--- INFORMATION SUPPLIED ---

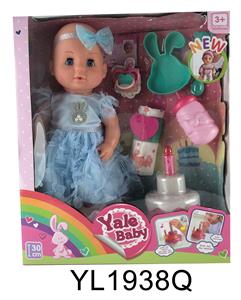 30 CM ACTIVE EYE DOLL WITH DRINKING WATER PULL URINE FUNCTION WITH BLOW-OUT CANDLES WITH MUSIC CAKE - OBL896590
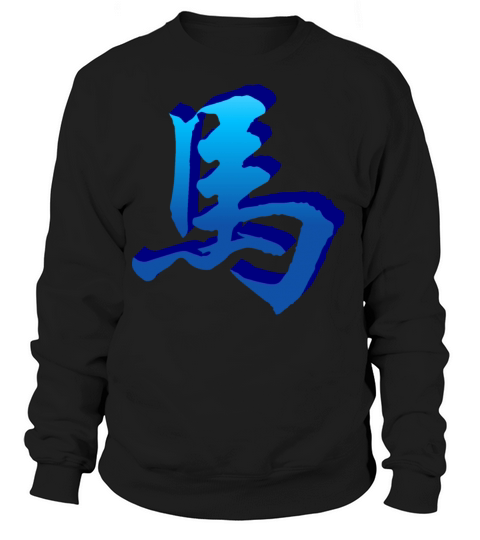 Chinese Year of The Horse Zodiac Sign Women's Sweatshirt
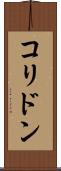 コリドン Scroll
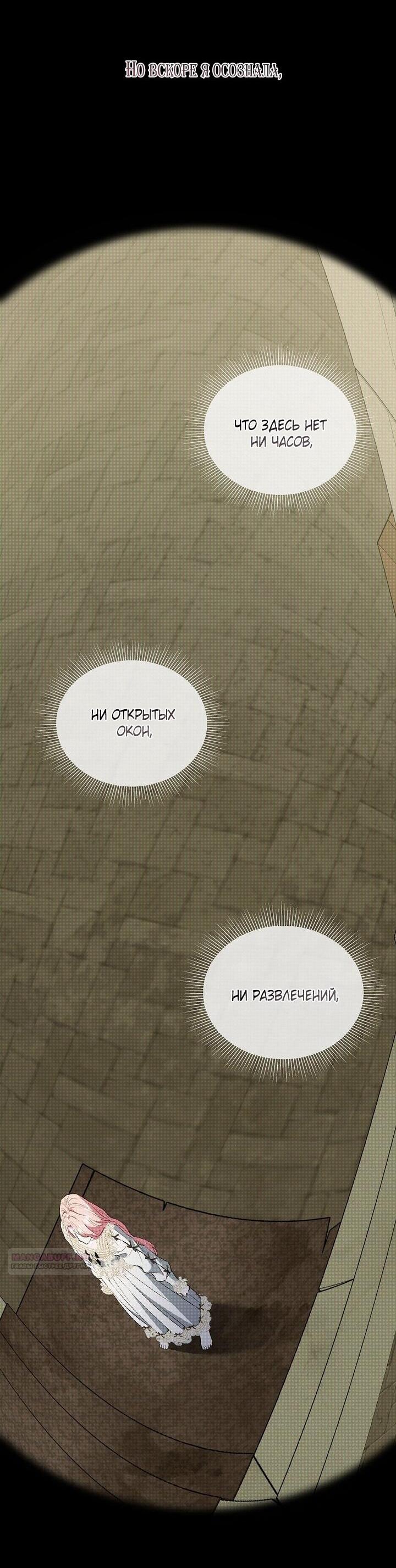 Манга Я стала жертвой одержимости злого императора - Глава 74 Страница 62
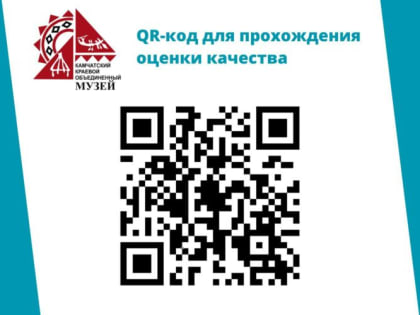 Друзья! Нам важно Ваше мнение.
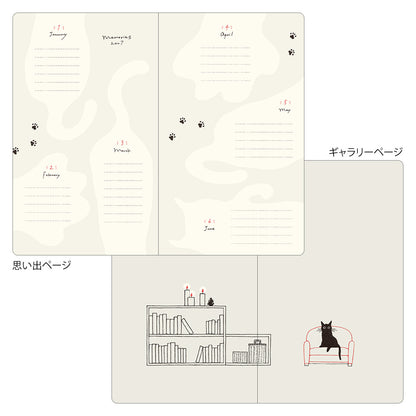 Book style diary B6 cat green 2027 (coming soon)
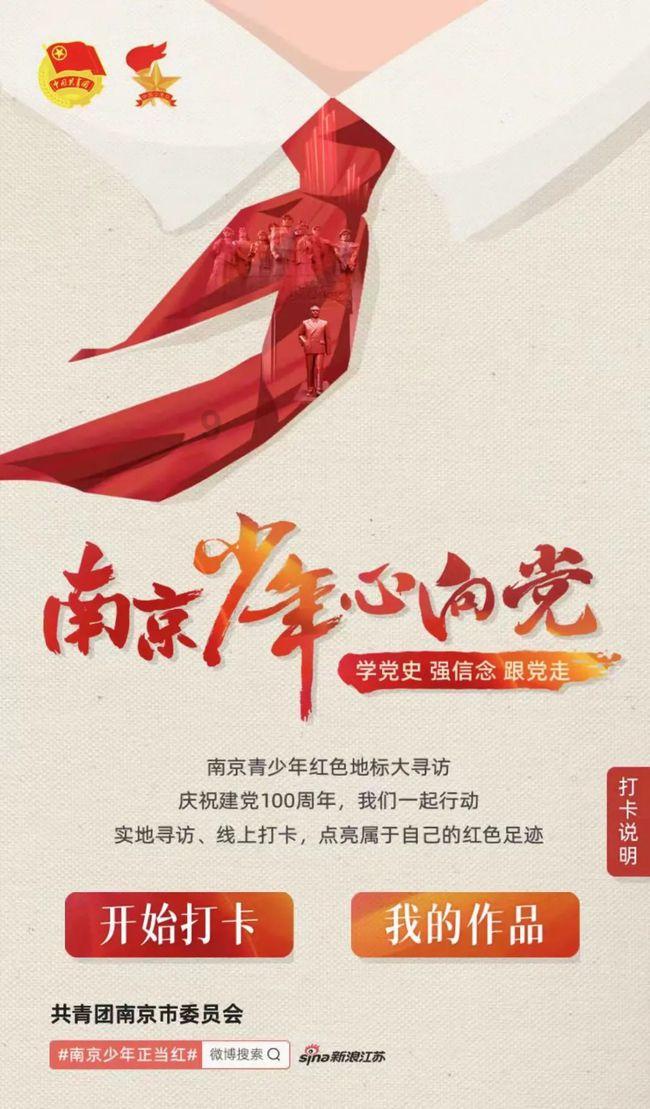 迷路的逃学女孩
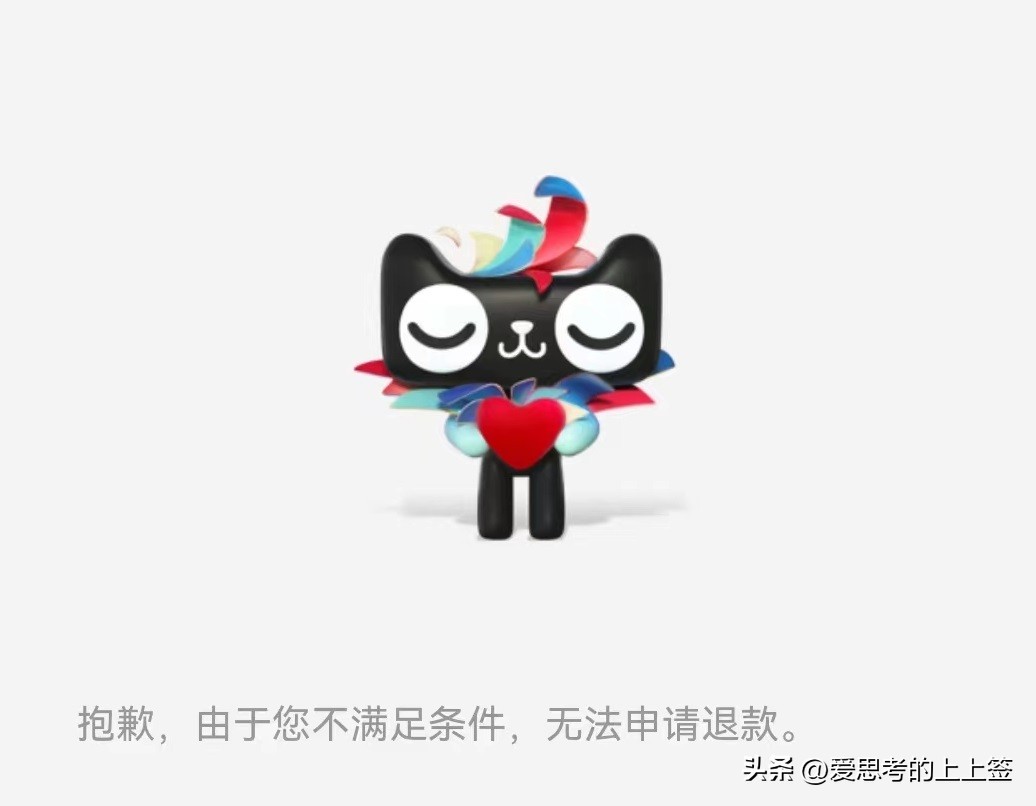 快递投诉怎么投诉（快递投诉怎么投诉电话）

---

Give back exactly the lines from the one containing "Chinese Year of" to the final line of the entries, both included, and no picture.

**OUTPUT BELOW**
 Chinese Year of The Horse Zodiac Sign Women's Sweatshirt
 コリドン Scroll
 Манга Я стала жертвой одержимости злого императора - Глава 74 Страница 62
 Друзья! Нам важно Ваше мнение.
 Book style diary B6 cat green 2027 (coming soon)
 迷路的逃学女孩
 快递投诉怎么投诉（快递投诉怎么投诉电话）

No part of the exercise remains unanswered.